Nei giorni che precedono e seguono la “Giornata della Memoria”, mi capita di sentire questa domanda circa la validità di questa commemorazione, nel ricordo dei milioni di morti nei campi di concentramento. La risposta è purtroppo ovvia e scontata: sì. Molti ancora la sminuiscono e altrettanti nemmeno sanno cosa abbia significato davvero la Shoah.

La nostra società così frenetica, così rivolta verso il futuro, verso il benessere, ha la tendenza a meccanizzare certe situazioni e rendere automatiche le reazioni a ricordi, commemorazioni, feste etc. Capita così anche il 27 gennaio, ma potremo citare l’8 marzo, il 25 aprile. Si pensa che citando qualche frase di Primo Levi o riportare le dichiarazioni della Senatrice Liliana Segre o guardando “La vita è bella” o “Schindler’s list” sia sufficiente a metterci a posto con la coscienza a farci sentire migliori.
Questo a volte può anche essere vero e chi lo fa per la maggioranza, è in assoluta buon fede. Ma provate una attimo entrare in casa di una di queste persone e provate a chiedergli cosa davvero sa della persecuzione degli Ebrei in Europa, delle deportazioni di massa, delle odiose leggi razziali varate da Mussolini e di come molte famiglie ebraiche in Italia abbiano subito prima l’umiliazione di sentirsi diversi da un giorno all’altro e dopo vittime sacrificali da additare ai carnefici per la deportazione.
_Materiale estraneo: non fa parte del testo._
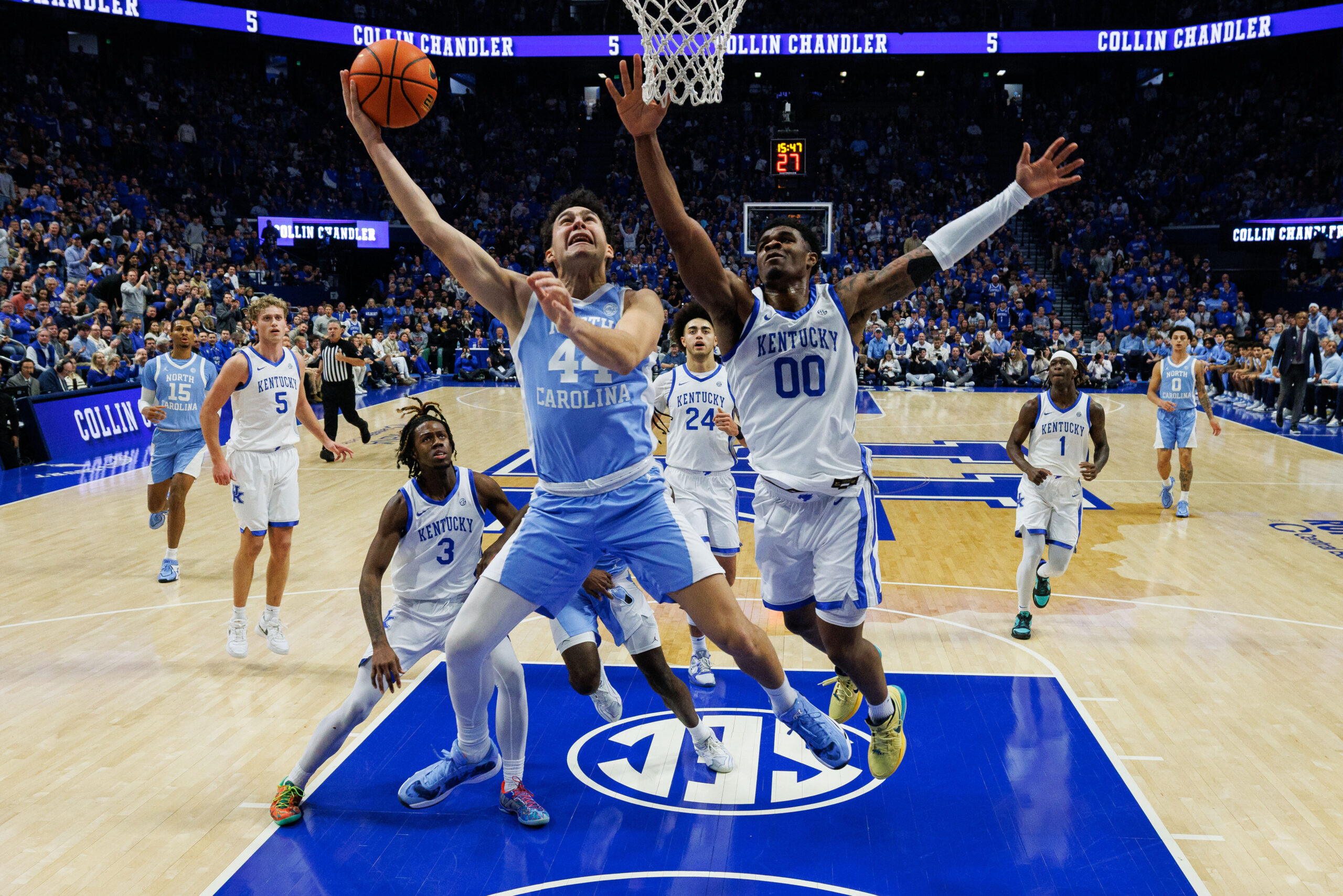 Dec 2, 2025; Lexington, Kentucky, USA; North Carolina Tar Heels guard Luka Bogavac (44) goes to the basket agaisnt Kentucky Wildcats guard Otega Oweh (00) during the first half at Rupp Arena at Central Bank Center. Mandatory Credit: Jordan Prather-Imagn Images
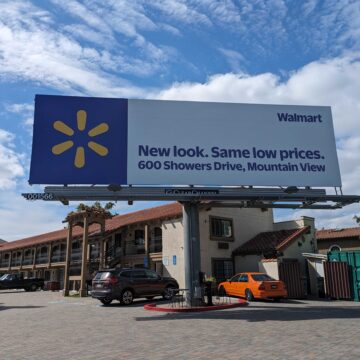 SANTA CLARA BILLBOARD A billboard in front of a hotel with a Walmart ad on it that reads, "New look. Same low prices. 600 Showers Drive, Mountain View."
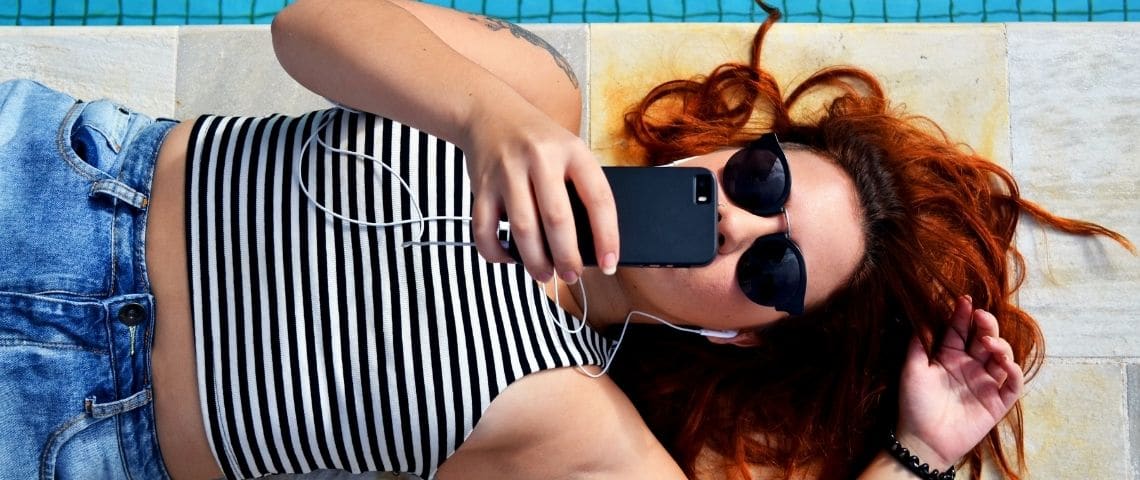 Moka Jeune femme allongée au bord d'une piscine, elle regarde son téléphone
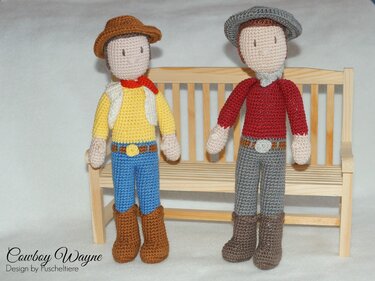 Zwei gehäkelte Amigurumi-Cowboypuppen vor einer Miniatur-Holzbank
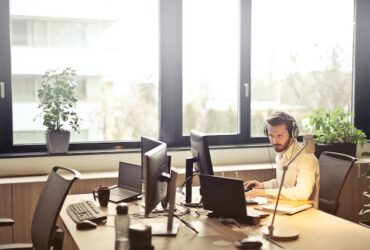 man working on computers IT Business headphones office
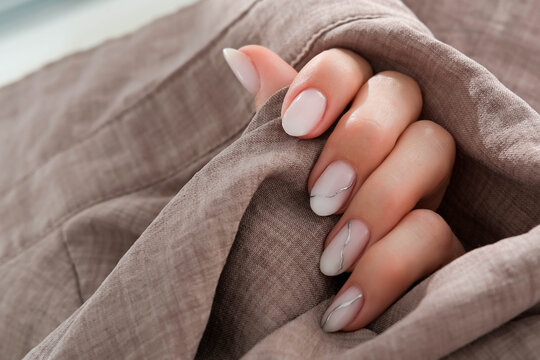Woman's hand with a beautiful oval-shaped manicure. Autumn trend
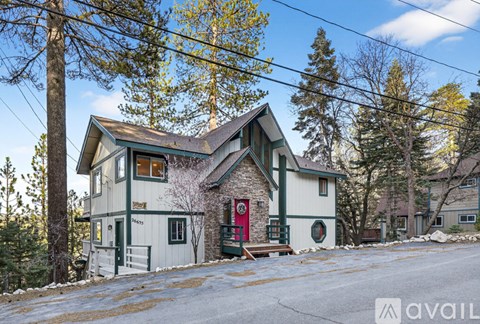 A house with a red door is surrounded by trees and has a snowy ground.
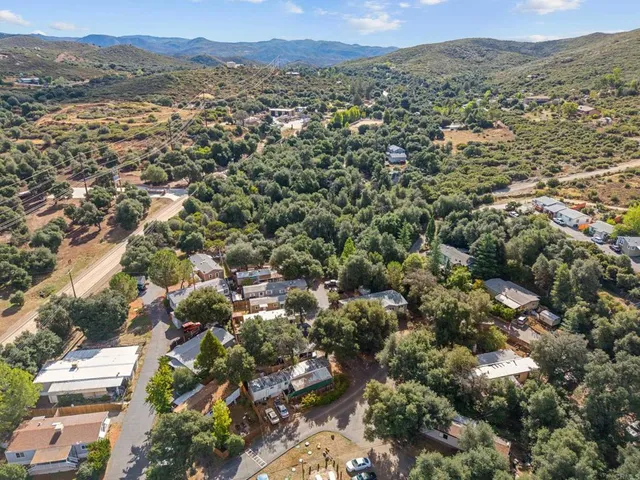 an aerial view of residential houses with outdoor space and trees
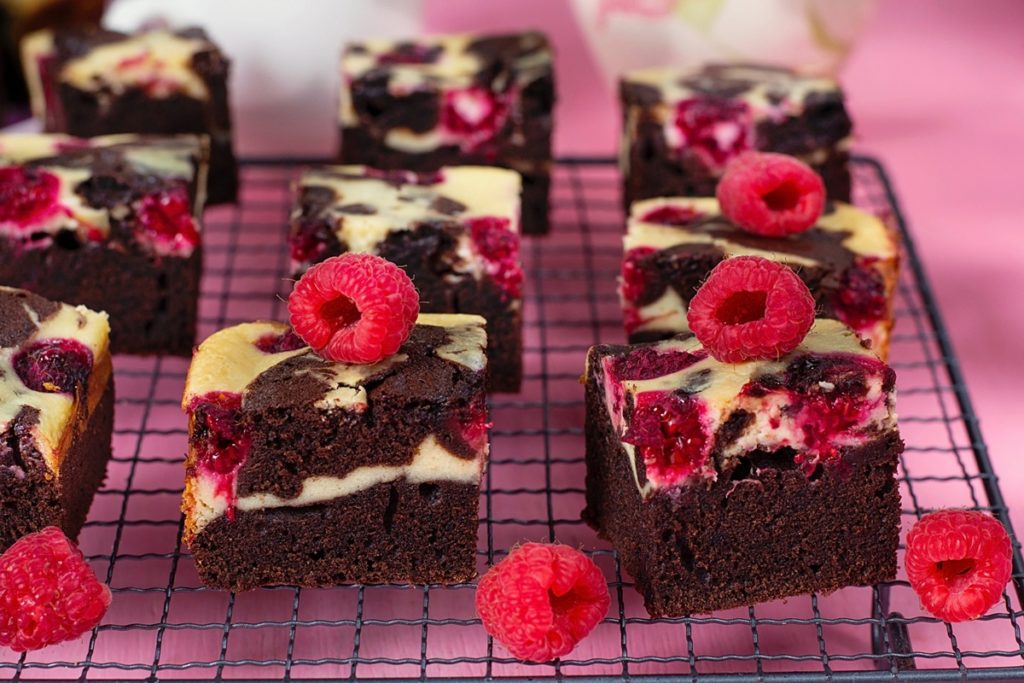 Porții de Cheesecake Brownie cu zmeură pe un grătar, decorate cu zmeură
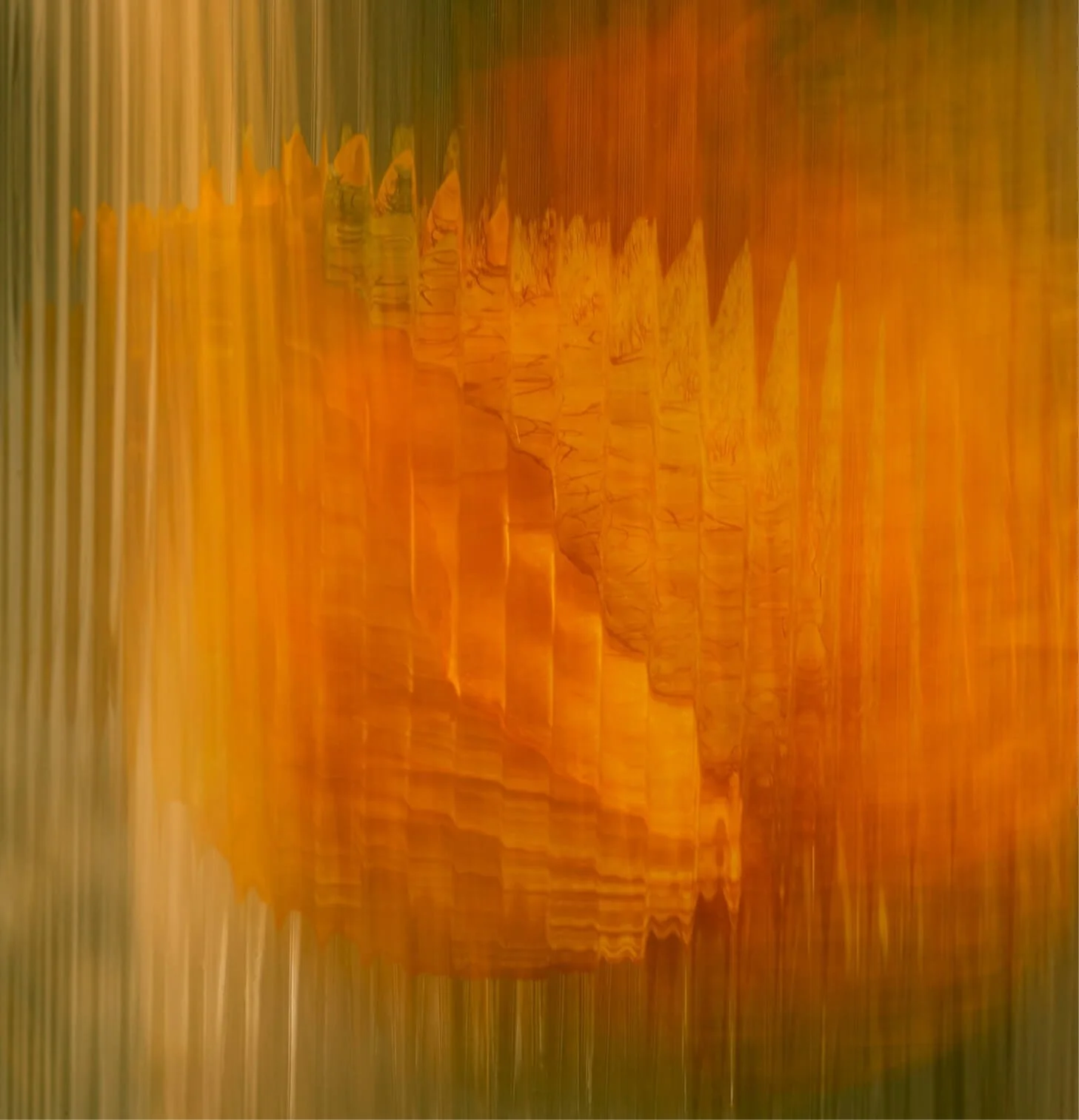 A blurry photograph of a sunset over a body of water with mountains in the background. The image has a distorted, vertical streaking effect.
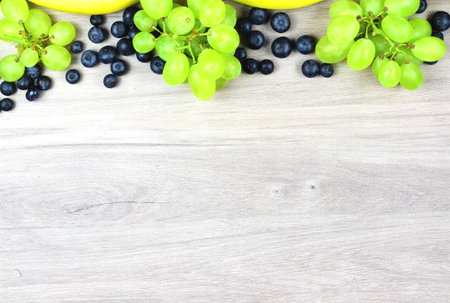 Zenith view. Variety of fruits, bananas, tropical berries and grapes full of vitamins, summer.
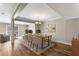 Cozy dining room adjacent to living room, with neutral paint and wood floors at 1106 Hampton Ne Way, Atlanta, GA 30324
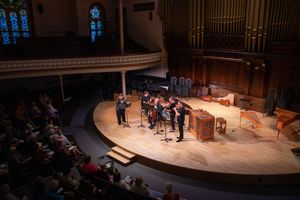 Chamber ensemble performs on a wooden stage in an elegant concert hall with pipe organ and stained glass windows.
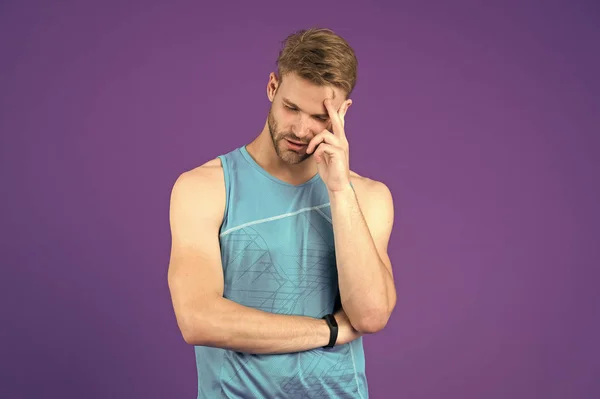What is on his mind. Man with strong muscular arms. Man muscular handsome unshaven thoughtful guy on violet background. Masculinity concept. Does having muscular body make you more confident
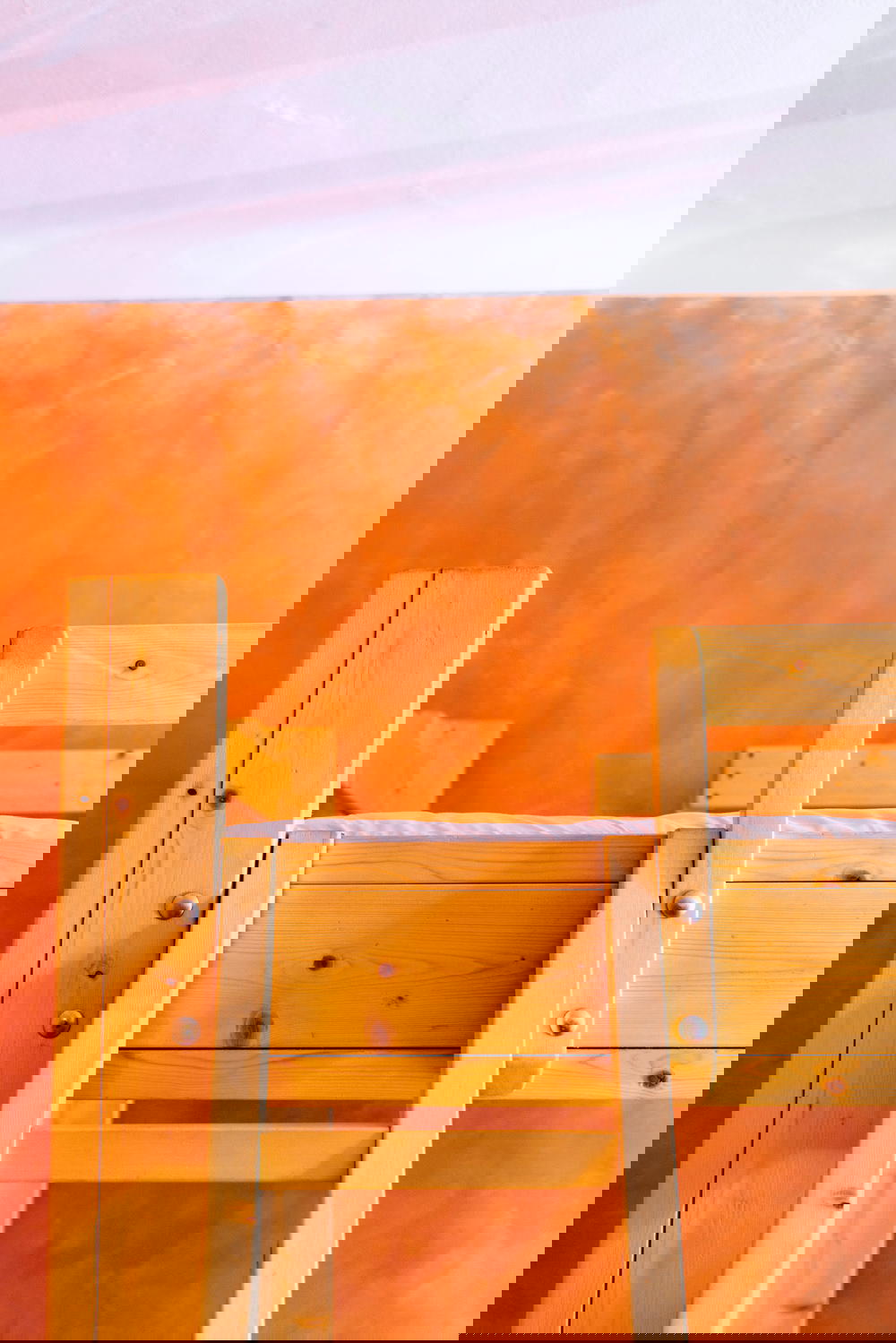 A bunk bed in a room with an orange wall.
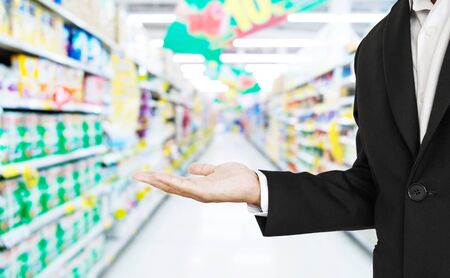 Businessman stretch hand with defocus supermarket aisle backgroundの写真素材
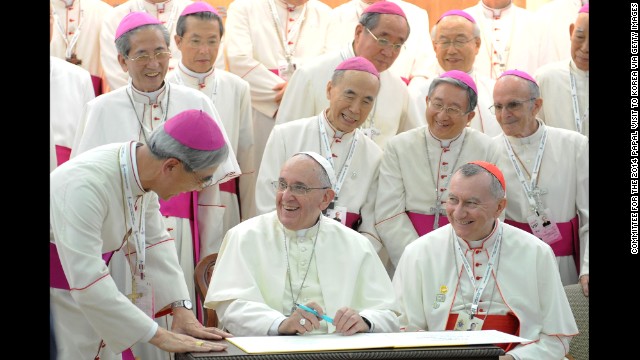 Pope Francis laughs with bishops as he signs a guestbook Thursday, August 14, at the headquarters of the Korean Episcopal Conference in Seoul, South Korea.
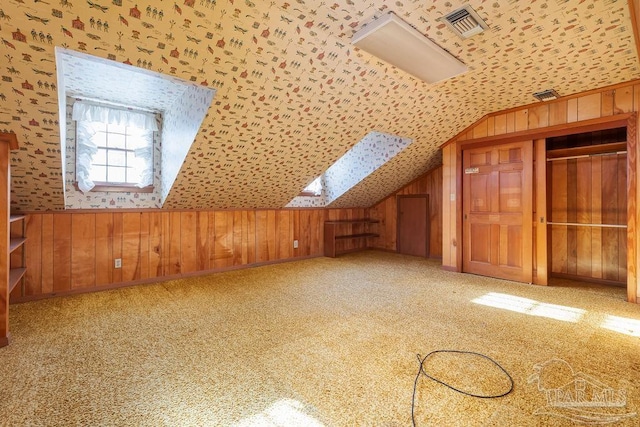 additional living space featuring wooden walls, carpet flooring, and vaulted ceiling with skylight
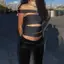 Mùa hè 2026 Trailing Sister Hot Girl Rỗng xiên Vai Áo Vest Thiết kế bất đối xứng Slim fit Crop Ngắn Niche Slimer Look Áo không tay Top Nữ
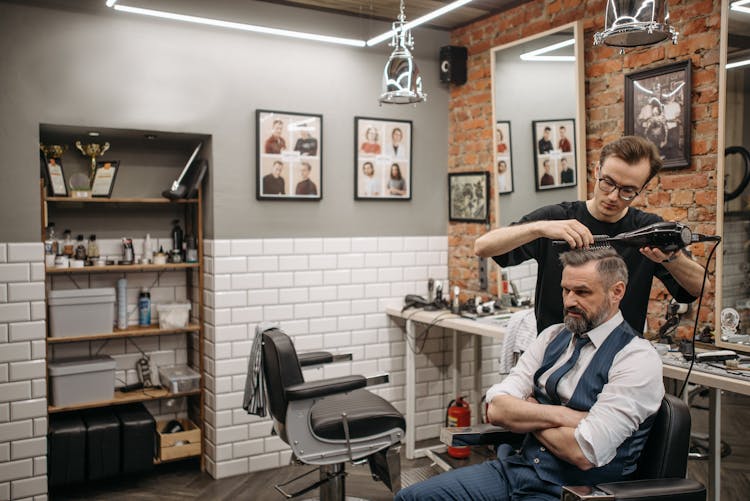 A Barber Using Blow Dry To His Customer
Non stiamo parlando di soldati nazisti o fascisti fino al midollo. Parliamo di noi, di nostri connazionali che per paura, vigliaccheria, e persino interesse, hanno condannato intere famiglie. Famiglie che probabilmente si sarebbero potute salvare da morte praticamente certa.
Come ha ricordato bene Enrico Mentana, molti di noi non sono stati solo vittime della mostruosità nazifascista, ma sono stati, complici attivi di quei rastrellamenti, di intere comunità spazzate e spezzate. A noi manca il senso di colpa. Churchill diceva: che l’Italia era un paese bizzarro. Prima 45 milioni di fascisti, finita la guerra 45 milioni fra partigiani e antifascisti, i conti non tornano. Un’esagerazione che però tende ad evidenziare come una parte d’Italia abbia accettato di essere complice di ciò che “la Giornata della Memoria” non vuole dimenticare
In Germania, il peso di quelle colpe è ben presente. Ognuno se ne è assunto la responsabilità, non sono passati da carnefici a vittime, ma hanno accettato il verdetto della storia. Hanno rimboccato le maniche e hanno dimostrato con i fatti che sebbene la storia non possa essere cambiata, si può accettarne la lezione per essere migliori.
Sarebbe bellissimo se un giorno, speriamo non lontano, non sia necessario fissare d’imperio una data per la giornata della memoria. Perché vorrebbe dire che tutti noi, accettiamo il fatto che quella è storia. Una pagina drammatica che non si ripeterà. Non si debba più leggere di astruse teorie revisioniste o sminuire i fatti accaduti.

Lungi da noi fare un discorso politico. Applicare certe etichette al mondo e alla cultura politica di oggi. Anche perché la giornata della memoria deve per prima cosa essere un monito per tutti. Qualcosa che deve andare oltre gli schieramenti politici e condannare sempre ogni forma di privazione delle libertà personali per ragioni di pelle, religione, credo politico.
il 27 gennaio giustamente ricorda i morti ebrei del nazismo e delle leggi razziali, ma l’umanità non deve nemmeno dimenticare il milione di morti nei gulag sovietici. I maltrattamenti subiti dai cittadini americani di origine giapponese internati dagli americani durante la guerra e di cui è stato testimone George Takei, il mitico Sulu Star Trek. Cosa dire allora dei campi di concentramento cinesi nei quali i prigionieri, gran parte politici dissidenti, sono destinati a massacranti turni di lavori forzati.
Qualcuno potrà fare distinguo sul trattamento riservato, sul fatto che nulla può essere paragonabile ai campi di sterminio nazista, verissimo. Ma tutti i casi sono tutte accomunati dal desiderio di privare della libertà e dei diritti fondamentali per ragioni politiche, di razza o religione.
Quel che è certo è il fatto che nel 2023 a circa 80 anni dalla fine della seconda guerra mondiale, ci troviamo a dover ricordare. C’è ancora tanto da fare per far sì che certe lezioni della storia non abbiano bisogno di date. La memoria di quelle morti, di quel dolore dovrebbe essere tatuato nelle nostre menti per sempre.